Creating a chroot in Linux is pretty easy: put a rootfs in a folder and run the sudo chroot /my/folder command. But what if you don't want to use superuser privileges for this?

This is not super simple to fix, not only does the chroot command itself require root permissions but the steps for creating the rootfs in the first place and mounting the required filesystems like /proc and /sys require root as well.

In pmbootstrap the process for creating an installable image for a phone requires setting up multiple chroots and executing many commands in those chroots. If you have the password timeout disabled in sudo you will notice that you will have to enter your password tens to hundreds of times depending on the operation you're doing. An example of this is shown in the long running "pmbootstrap requires sudo" issue on Gitlab. In this example sudo was called 240 times!

Now it is possible with a lot of refactoring to move batches of superuser-requiring commands into scripts and elevate the permissions of that with a single sudo call but to get this down to a single sudo call per pmbootstrap command would be really hard.

Another approach

So instead of building a chroot the "traditional" way what are the alternatives?
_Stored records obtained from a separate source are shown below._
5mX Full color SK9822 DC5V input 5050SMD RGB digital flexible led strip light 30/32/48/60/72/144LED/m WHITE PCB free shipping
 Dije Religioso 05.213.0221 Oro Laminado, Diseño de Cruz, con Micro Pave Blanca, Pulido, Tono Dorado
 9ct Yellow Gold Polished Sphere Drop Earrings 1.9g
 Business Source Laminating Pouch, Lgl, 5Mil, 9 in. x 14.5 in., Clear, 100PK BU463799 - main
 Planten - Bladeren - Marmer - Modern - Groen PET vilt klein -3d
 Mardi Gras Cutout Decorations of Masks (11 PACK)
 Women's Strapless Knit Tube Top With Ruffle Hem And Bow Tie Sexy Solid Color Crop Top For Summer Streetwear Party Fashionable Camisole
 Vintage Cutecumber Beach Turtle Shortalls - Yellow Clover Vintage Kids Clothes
The magic trick to get this working are user namespaces. From the Linux documentation:

User namespaces isolate security-related identifiers and attributes, in particular, user IDs and group IDs (see credentials(7)), the root directory, keys (see keyrings(7)), and capabilities (see capabilities(7)). A process's user and group IDs can be different inside and outside a user namespace. In particular, a process can have a normal unprivileged user ID outside a user namespace while at the same time having a user ID of 0 inside the namespace; in other words, the process has full privileges for operations inside the user namespace, but is unprivileged for operations outside the namespace.

It basically allows running commands in a namespace where you have UID 0 on the inside without requiring to elevate any of the commands. This does have a lot of limitations though which I somehow all manage to hit with this.

One of the tools that makes it relatively easy to work with the various namespaces in Linux is unshare. Conveniently this is also part of util-linux so it's a pretty clean dependency to have.

Building a rootfs

There's enough examples of using unshare to create a chroot without sudo but those all assume you already have a rootfs somewhere to chroot into. Creating the rootfs itself has a few difficulties already though.

Since I'm building an Alpine Linux rootfs the utility I'm going to use is apk.static. This is a statically compiled version of the package manager in Alpine which allows building a new installation from an online repository. This is similar to debootstrap for example if you re more used to Debian than Alpine.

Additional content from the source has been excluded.